Peripatopsis margaritarius

Scientific classification
- Kingdom: Animalia
- Phylum: Onychophora
- Family: Peripatopsidae
- Genus: Peripatopsis
- Species: P. margaritarius
- Binomial name: Peripatopsis margaritarius Barnes & Daniels, 2024

= Peripatopsis margaritarius =

- Genus: Peripatopsis
- Species: margaritarius
- Authority: Barnes & Daniels, 2024

Species of velvet worm

Peripatopsis margaritarius is a species of velvet worm in the Peripatopsidae family. Also known as the Fort Fordyce velvet worm, this species is a point endemic found only in the Fort Fordyce Nature Reserve in South Africa. This species was discovered as a clade within the Peripatopsis sedgwicki species complex. This velvet worm can have from 21 to 23 pairs of legs, unlike the other three species in the P. sedgwicki species complex, which have only 19 or 20 leg pairs.

== Discovery ==
This species was first described in 2024 by the zoologists Aaron Barnes and Savel R. Daniels of Stellenbosch University in South Africa. They discovered this species as a result of a phylogenetic analysis of the P. sedgwicki species complex using molecular data. They based the original description of this species on a female holotype and 25 paratypes (including thirteen females and eight males). Danels found these specimens in 2016 inside or under decaying indigenous logs in patches of Afrotemperate forest in the Fort Fordyce Nature Reserve, on a high plateau in the Eastern Cape province of South Africa. The type specimens are deposited in the South African Museum. This species is named in honor of the biologist Margaretha Hofmeyr of the University of the Western Cape.

== Phylogeny ==
Using molecular data, Barnes and Daniels identified this species as one of four clades in the P. sedgwicki species complex. Each clade represents a separate species, each with a different geographic distribution in South Africa. The molecular evidence places P. margaritarius on the most basal branch of a phylogenetic tree in this species complex, with the other three species, P. sedgwicki s.s. (sensu stricto, that is, as narrowly understood), P. orientalis, and P. collarium, forming a sister group. The species P. margaritarius is found only in the Fort Fordyce Nature Reserve in the interior of the Eastern Cape province, with a range isolated from the other three species.

== Description ==
The species P. margaritarius can have from 21 to 23 pairs of legs. Specimens range from 15 mm to 46 mm in length and from 3.0 mm to 7.0 mm in width, but the male specimens reach a smaller maximum size, only 31 mm in length and 5.4 mm in width. The male genital opening is cruciform, and the female genital opening is a horizontal and small vertical slit.

The dorsal surface varies from dark brown to black, whereas the ventral surface is white. When preserved, however, the lateral surfaces become orange, and the legs turn blue. The integument on the dorsal surface features dermal papillae that are pyramidal or shaped like domes. The dorsal primary papillae are moderately spaced and feature seven scale ranks. The dorsal accessory papillae feature only four scale ranks. The ventral papillae are moderately spaced and shaped like low-rise pyramids. The ventral primary papillae feature seven scale ranks.

This species shares many traits with other velvet worms in the genus Peripatopsis. These shared traits include features considered characteristic for the genus, such as a cruciform genital opening in the male and variable color. This species shares more traits with the other three species in the P. sedgwicki species complex. For example, all four species feature not only identical accessory papillae on the ventral surface but also a female genital opening that takes the form of a horizontal and small vertical slit.

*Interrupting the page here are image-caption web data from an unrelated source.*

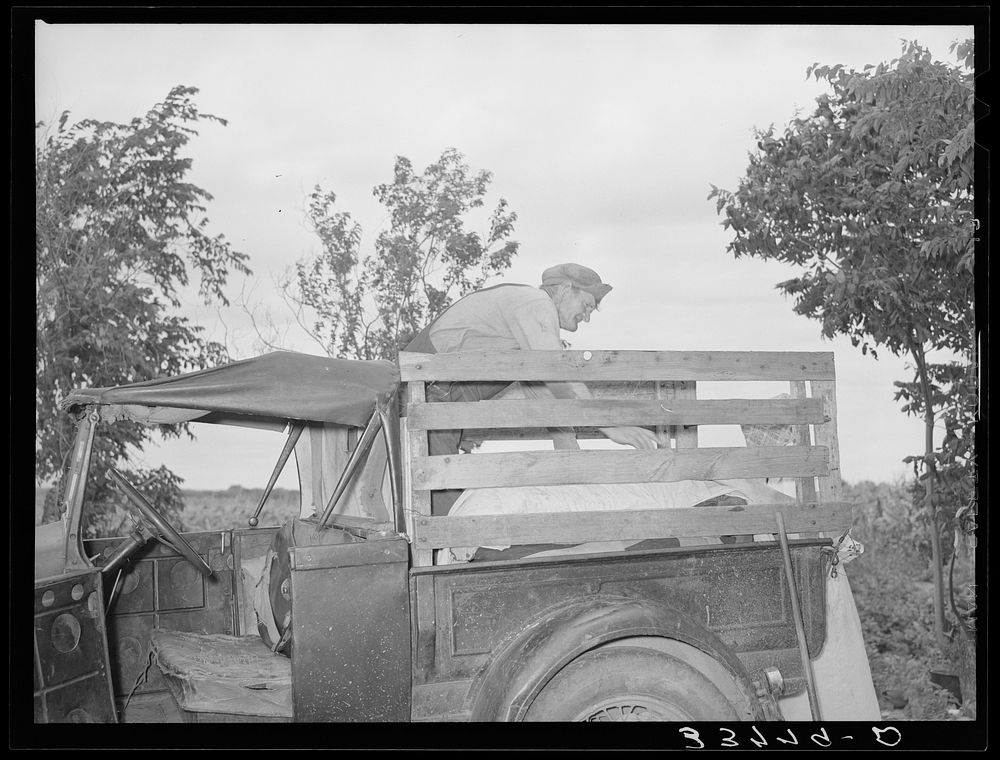 [Untitled photo, possibly related to: Migrant family loading truck preparatory to departure for California. Near Muskogee…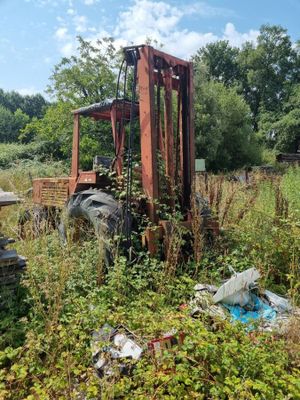 un chariot élévateur qui se trouve au milieu d'un champ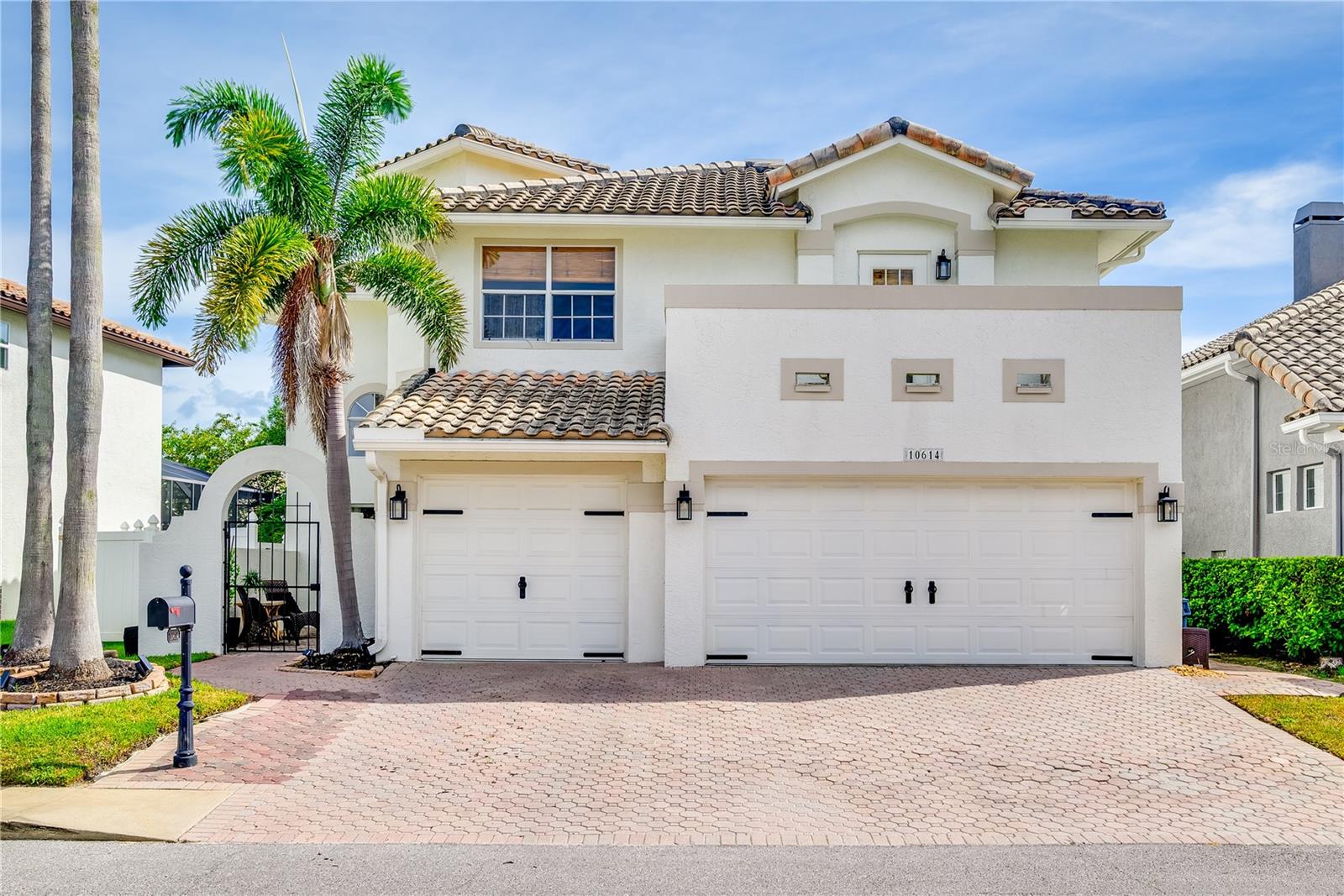 Step into this beautifully reimagined 4-bedroom, 4-bath home with a versatile den—easily used as a 5th bedroom—located in the gated waterfront community of Palm Bay. Featuring a spacious 3-car garage, this residence welcomes you with soaring ceilings, updated fixtures, fresh interior paint, and a seamless layout that flows effortlessly into the main living areas.
Designed for both everyday living and entertaining, the open-concept living and dining areas lead directly to a screened-in pool and covered lanai, perfect for indoor-outdoor Florida living. The chef’s kitchen overlooks the backyard oasis and connects to the outdoor space through upgraded hurricane-rated sliding doors.
Upstairs, the private primary suite is a true retreat, featuring two spacious walk-in closets, an oversized en suite bath, and large private balcony escape. Just beyond, you’ll find three additional bedrooms—one with a private en suite bathroom, another offering a tranquil balcony escape, and a third currently outfitted as a home gym.
On the main level, the den offers flexibility as a home office or guest suite, complete with its own private access to the backyard.
Enjoy peace of mind with newly rescreened and retreated windows, updated lighting, new ceiling fans throughout, a brand-new washer and dryer, and zero storm surge or water intrusion from Hurricanes Milton or Helene.
Palm Bay residents enjoy access to a private marina with no-bridge Gulf access, boat ramp, kayak launch, tennis and basketball courts, playground, and dog park—all just minutes from Tampa International Airport, world famous beaches, and vibrant downtown destinations.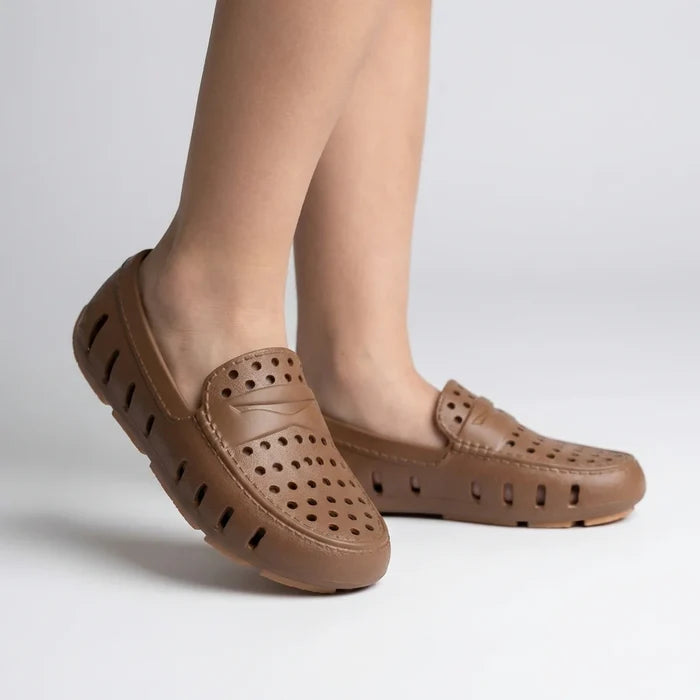 Brown leather shoes with holes on a light gray background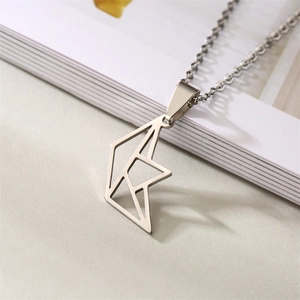 Macro shot of silver origami-style heart necklace on an open book background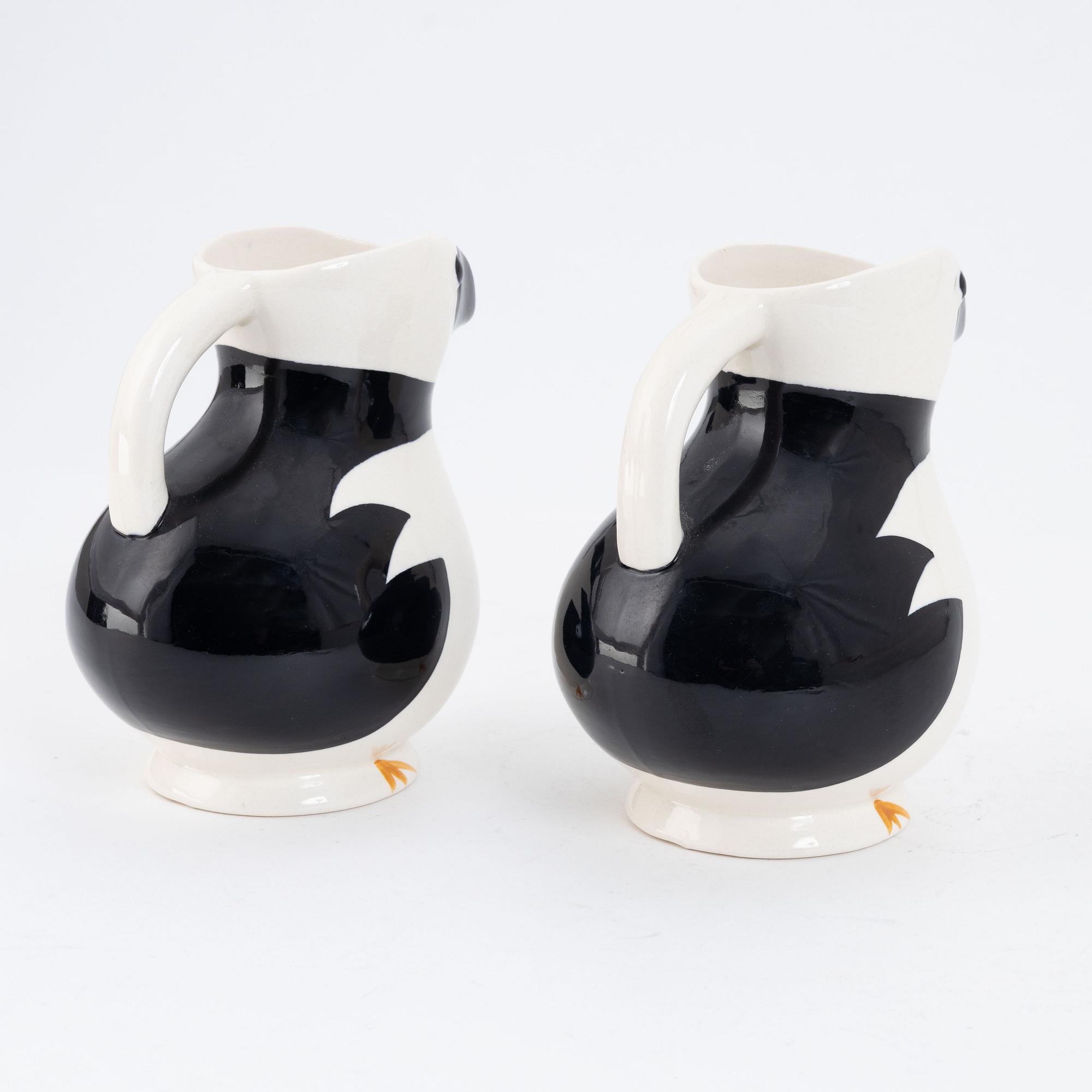 A pair of creamware ewers, "Alkemugge", Egersunds Fayancefabrik, Norway, designed 1910, produced around 1930.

The species P. margaritarius can be distinguished from its closest relatives based on other traits. For example, P. margaritarius has 21 to 23 leg pairs, whereas the other three species have either 19 or 20 leg pairs. Furthermore, the dorsal primary papillae in P. margaritarius feature seven scale ranks, unlike these papillae in P. collarium (with ten scale ranks), P. orientalis (with nine scale ranks), and P. sedgwicki s.s. (with eight scale ranks).